Reflections on Carbon Choices

Three years on from publishing Carbon Choices, what has changed?  Would I write the same again?  What is next?  Another book?

I wrote Carbon Choices during the Covid-19 pandemic.  I felt inspired, almost compelled, to help to change our world.  I had known for years that we were heading towards societal and ecological catastrophe and was frustrated that so few people seemed to know or care or act.  If only they really understood what was happening, then they would campaign to change everything for the better.  At least that was my belief.  Now I am not so sure.

Climate Change

Carbon Choices has a chapter that summarises the impacts of climate change.   Re-reading it today, it hasn’t really dated.  I did say climate change was potentially “disastrous,” and that many of its effects will be “irreversible.”  I underestimated impacts such as the increase in extent and ferocity of forest fires; whilst the impact on cloud cover is new research that might result in more extreme climate change.

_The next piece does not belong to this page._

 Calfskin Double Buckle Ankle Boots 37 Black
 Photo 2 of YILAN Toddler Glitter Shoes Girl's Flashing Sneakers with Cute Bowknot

What people haven’t really got their heads around is that a 2oC rise in temperature doesn’t sound much but it will result in a shift in climatic zones.  Human society, and crucially agriculture, developed within stable climate zones.  Any shift will be disruptive for our society, and even more catastrophic for nature which has little space to migrate to.

Some Progress…….

There is some good news. The roll-out of solar energy has been faster than predicted and innovation continues to result in cheaper, lighter, and more efficient solar panels.  Similarly, electric vehicles have reached a tipping point in some countries and will soon become the dominant form of transport, at least, in developed countries.  As always, this is due to a combination of innovation, multiple supportive regulations, taxes, and subsidies.

Aviation

Re-reading my chapter on aviation, I was a bit muddled in my solutions.  There is still no technology available to eradicate the environmental impact of aviation.  I am sceptical of the progress being made on electric planes, as I think these will spawn new short-distance commuter and tourist sight-seeing markets, rather than displace any existing markets.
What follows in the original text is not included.